Abstract
Purpose
The aim of this study is to analyze the agreement between the classifications based on morphology and diameter of vitreomacular traction (VMT) syndrome, as well as to correlate the morphological findings of VMT with specific maculopathies.
Methods
Fifty-three eyes with VMT syndrome were categorized into two classifications based on optical coherence tomography images: the VMT morphology (V- or J-shaped) and the diameter of adhesion (focal≤1500 μm or broad>1500 μm).
Results
High correlation was seen between V-shaped and focal-VMT and between J-shaped and broad-VMT (kappa=0.850; P<0.001), except in four cases with broad adhesion despite the presence of a V-shaped pattern. These four cases had common characteristics to those with broad vitreal attachment regarding associated maculopathies and visual function. V-shaped VMT (n=29) and focal-VMT (n=25) led to tractional cystoid macular edema (CME; 79.31% and 84%, respectively) and macular hole (MH; 37.93% and 44%); J-shaped VMT (n=24) and broad-VMT (n=28) were associated with epiretinal membranes (ERMs; 91.66% and 92.85%, respectively) and diffuse retinal thickening (62.50% and 64.28%). The best-corrected visual acuity (BCVA) was not significantly different between the groups (BCVA logarithm of the minimum angle of resolution: V-shaped, 0.45; J-shaped, 0.46; P=0.816; and focal, 0.50; broad, 0.42; P=0.198).
Conclusions
Although highly concordant, the classification based on the diameter of the adhesion and not on the classical adhesion morphology seemed to better reflect the specific macular changes. V-shaped and focal VMT led to tractional CME and MH, while J-shaped and broad VMT were associated with ERM and diffuse retinal thickening.
Introduction
The advent of a new method of high-definition optical coherence tomography (HD-OCT) has provided new insight into vitreomacular traction (VMT) syndrome through improved evaluation of the tractional forces at the vitreoretinal interface1, 2, 3 and the relationship of these tractional forces with specific macular conditions.4 In the past, VMT syndrome was considered an isolated pathology. Currently, it is believed to contribute to a wide spectrum of macular diseases, including cystoid macular edema (CME), macular holes (MHs) and epiretinal membranes (ERMs).4 Although the pathogeneses of these diseases are not completely understood,3, 4 OCT has implicated anteroposterior tractional force as a reasonable cause.
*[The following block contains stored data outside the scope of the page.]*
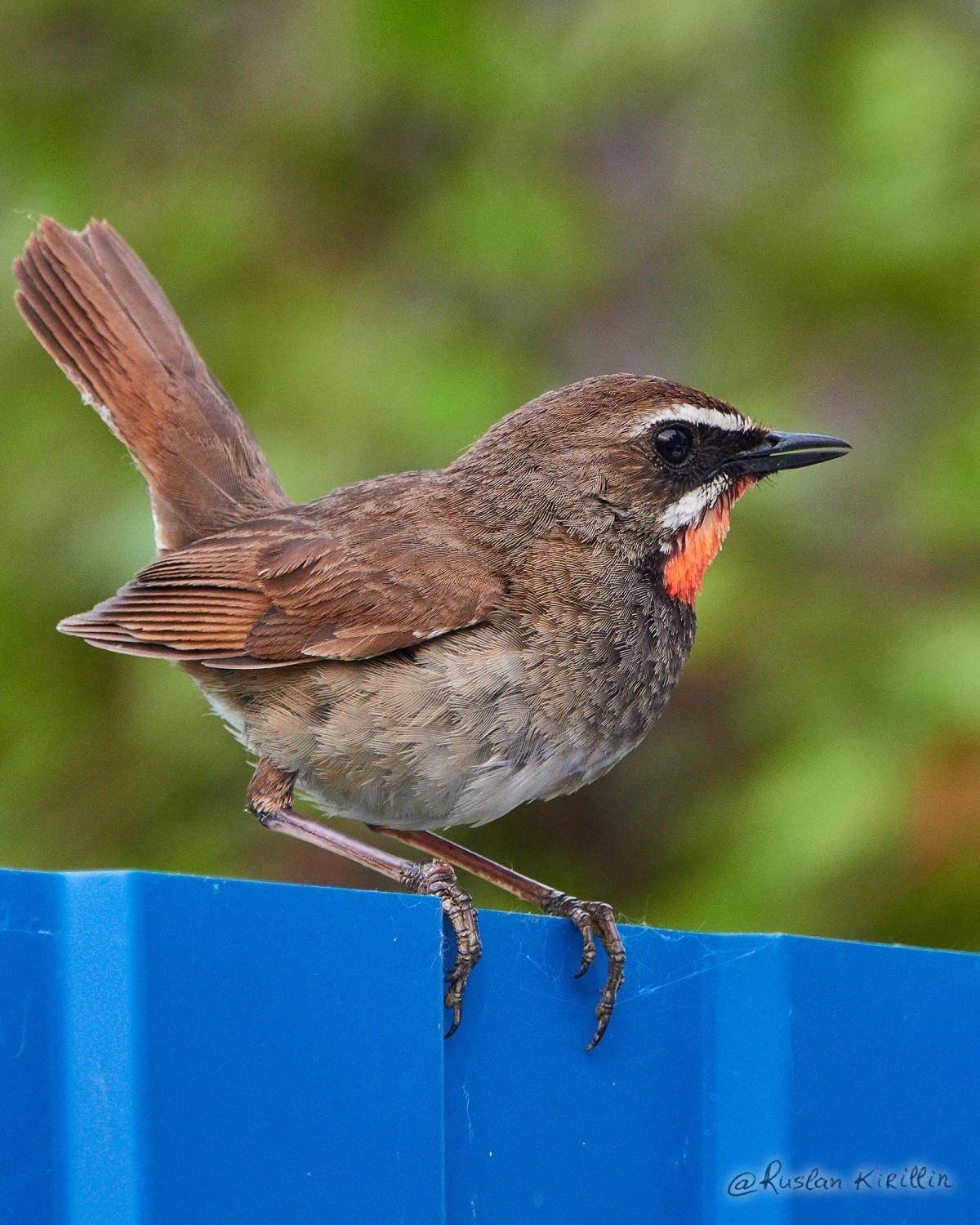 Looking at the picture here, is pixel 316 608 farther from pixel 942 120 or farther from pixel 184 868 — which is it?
pixel 942 120

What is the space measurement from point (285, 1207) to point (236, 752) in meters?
3.00

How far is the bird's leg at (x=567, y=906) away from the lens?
2.78 metres

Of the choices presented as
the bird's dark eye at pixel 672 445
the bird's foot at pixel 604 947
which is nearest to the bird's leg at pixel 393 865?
the bird's foot at pixel 604 947

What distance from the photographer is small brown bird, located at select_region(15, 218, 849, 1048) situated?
144 inches

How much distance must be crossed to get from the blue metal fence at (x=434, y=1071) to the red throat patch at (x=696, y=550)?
1.34 meters

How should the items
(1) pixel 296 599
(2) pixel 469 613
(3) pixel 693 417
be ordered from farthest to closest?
1. (3) pixel 693 417
2. (1) pixel 296 599
3. (2) pixel 469 613

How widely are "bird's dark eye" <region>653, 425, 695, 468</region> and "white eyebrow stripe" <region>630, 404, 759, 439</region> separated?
3 cm

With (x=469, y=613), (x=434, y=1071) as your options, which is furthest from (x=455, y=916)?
(x=469, y=613)

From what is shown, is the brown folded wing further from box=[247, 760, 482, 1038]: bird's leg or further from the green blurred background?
the green blurred background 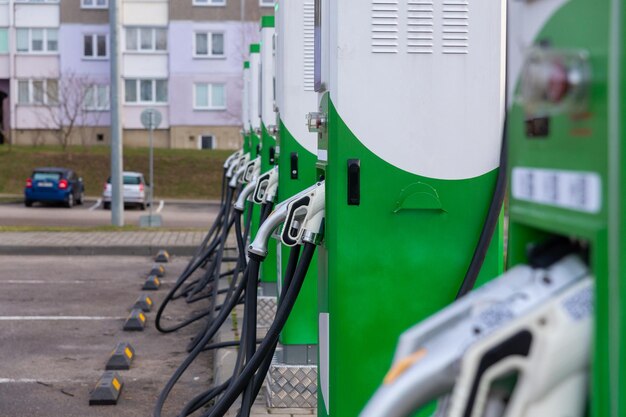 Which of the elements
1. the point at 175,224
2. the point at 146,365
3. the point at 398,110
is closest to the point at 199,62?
the point at 175,224

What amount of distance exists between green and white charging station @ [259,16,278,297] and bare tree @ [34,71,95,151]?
37380 mm

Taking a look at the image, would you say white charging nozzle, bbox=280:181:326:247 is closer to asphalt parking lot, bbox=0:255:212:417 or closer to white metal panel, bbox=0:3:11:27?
asphalt parking lot, bbox=0:255:212:417

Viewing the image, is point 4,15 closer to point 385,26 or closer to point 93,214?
point 93,214

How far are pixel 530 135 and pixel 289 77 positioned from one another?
15.3 ft

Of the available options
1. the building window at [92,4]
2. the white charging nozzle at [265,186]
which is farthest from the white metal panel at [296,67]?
the building window at [92,4]

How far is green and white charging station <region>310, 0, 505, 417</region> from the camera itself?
3771 millimetres

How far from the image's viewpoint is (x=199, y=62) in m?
49.2

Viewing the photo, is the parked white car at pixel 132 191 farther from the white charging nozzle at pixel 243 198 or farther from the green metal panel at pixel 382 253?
the green metal panel at pixel 382 253

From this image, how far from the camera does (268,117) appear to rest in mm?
8578

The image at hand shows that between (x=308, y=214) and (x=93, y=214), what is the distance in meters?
25.0

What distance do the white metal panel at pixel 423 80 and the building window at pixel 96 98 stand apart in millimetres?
44879

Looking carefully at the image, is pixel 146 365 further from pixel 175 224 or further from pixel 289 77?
pixel 175 224

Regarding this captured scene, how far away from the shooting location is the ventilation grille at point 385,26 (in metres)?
3.77

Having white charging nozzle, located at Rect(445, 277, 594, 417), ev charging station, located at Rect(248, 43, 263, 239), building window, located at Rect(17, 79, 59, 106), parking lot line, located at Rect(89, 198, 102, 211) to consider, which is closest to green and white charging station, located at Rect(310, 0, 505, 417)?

Moreover, it is unclear why patients with VMT develop different maculopathies. This question has been the focus of several recent studies.2, 5, 6, 7, 8, 9, 10
A major classification of the VMT syndrome has not yet been established and universally accepted. Based on the morphological findings of OCT, the pattern of vitreomacular adherence can be divided into two categories: V-shaped and J-shaped types.11, 12 Another, distinct basis for classification (focal adhesion and broad adhesion)9 is based on the concept that the diameter of the vitreomacular attachment is inversely related to macular morbidity and foveal deformation. The narrower the vitreomacular attachment is, the greater the force will be on the macula, whereas diffuse vitreomacular adhesion may distribute the tractional force beyond the border of the foveal region.7
The primary purpose of this study was to analyze the agreement between the classifications based on the morphology and the diameter of VMT syndrome. The secondary aim of the study was to correlate the morphological findings of VMT syndrome with specific maculopathies.
Materials and methods
The secondary data of patients diagnosed with VMT syndrome between January 2008 and January 2010 in the Institut Universitari Barraquer were reviewed after the approval of the ethical committee of Universitat Autònoma de Barcelona (UAB, Barcelona, Spain) and Federal University of São Paulo (UNIFESP, São Paulo, Brazil).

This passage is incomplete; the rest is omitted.